Brief descriptive captions:
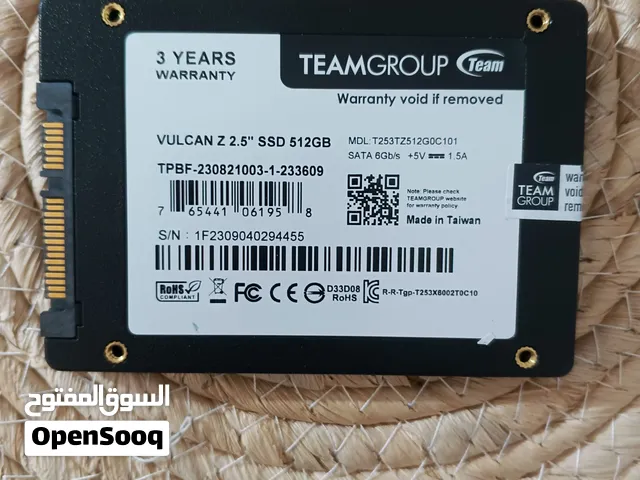 مجموعة تخازين هارديسكات ورامات بأفضل الأسعار...  هارديسك جديدة  كنجستون ssd 256 nvme هلثي100%بسعر 35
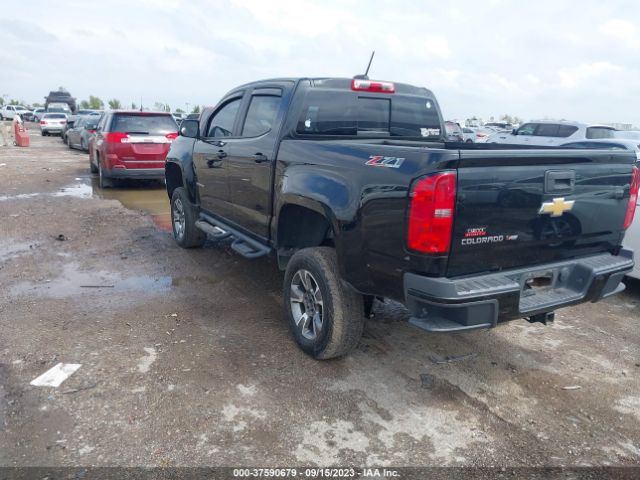 Photo 2 VIN: 1GCGTDEN9H1164225 - CHEVROLET COLORADO 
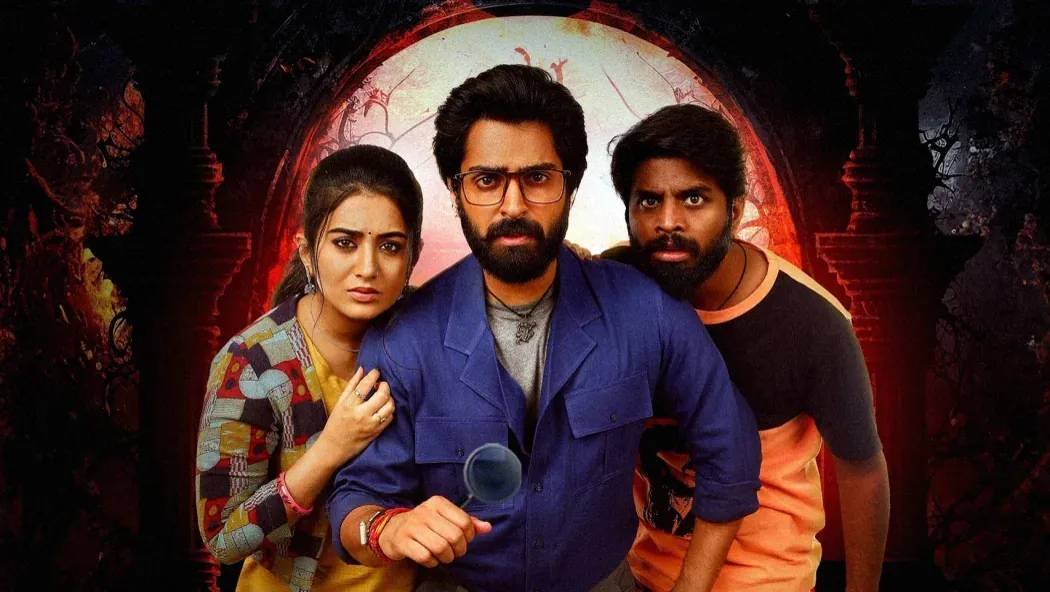 Bhoothaddam Bhaskar Narayana izle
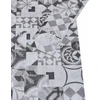 Savitepliamos PVC grindų lentos Pilkas raštas 30,5 x 61 cm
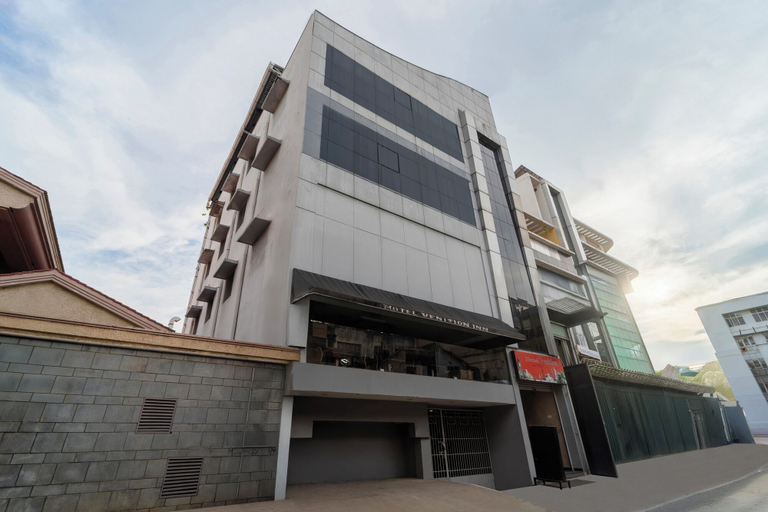 Exterior & Views 2, Treebo Venition Inn, Coimbatore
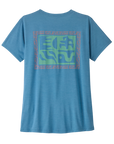 Women's Capilene® Cool Daily Shirt - Mother Rays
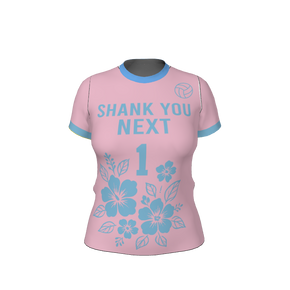 GS Custom Blank Design GameDay Female SS Jersey. (x 1)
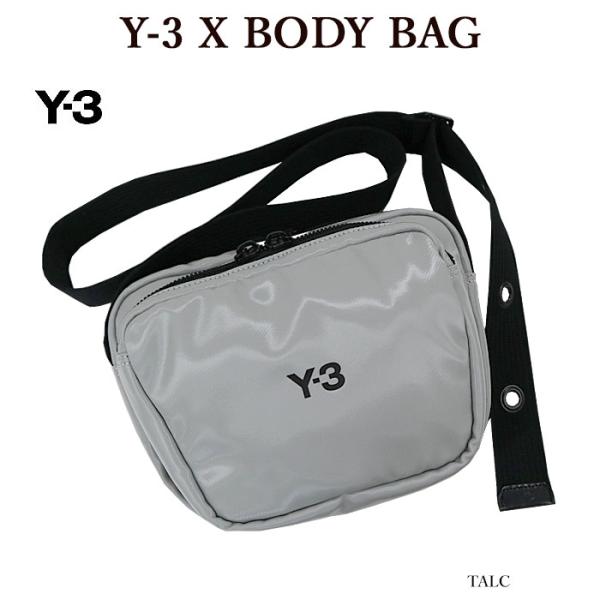 ショルダーバッグ Y-3 IJ9900 Y-3 X BODY BAG adidas Yohji Ya...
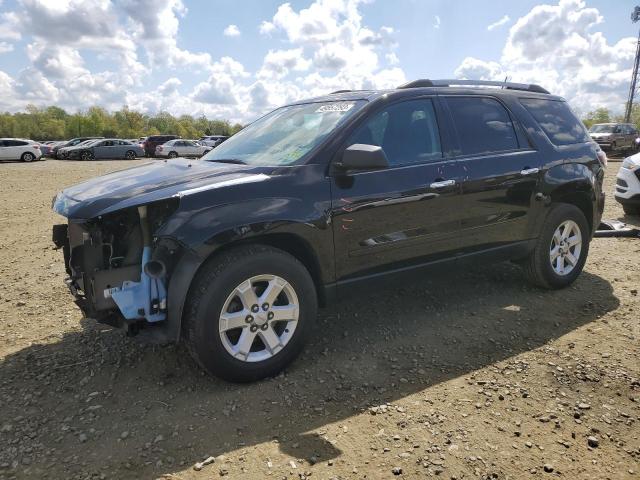 GMC ACADIA SLE 2016 with VIN 1GKKVPKD3GJ305231 - Photo from auction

--- THE TASK ---
The lines to copy begin at the one containing "Bhoothaddam Bhaskar Narayana izle" and end at the last line of the records. Set down exactly those lines and no others, both ends included, and omit all pictures.

--- WRITTEN SOLUTION ---
 Bhoothaddam Bhaskar Narayana izle
 Savitepliamos PVC grindų lentos Pilkas raštas 30,5 x 61 cm
 Exterior & Views 2, Treebo Venition Inn, Coimbatore
 Women's Capilene® Cool Daily Shirt - Mother Rays
 GS Custom Blank Design GameDay Female SS Jersey. (x 1)
 ショルダーバッグ Y-3 IJ9900 Y-3 X BODY BAG adidas Yohji Ya...
 GMC ACADIA SLE 2016 with VIN 1GKKVPKD3GJ305231 - Photo from auction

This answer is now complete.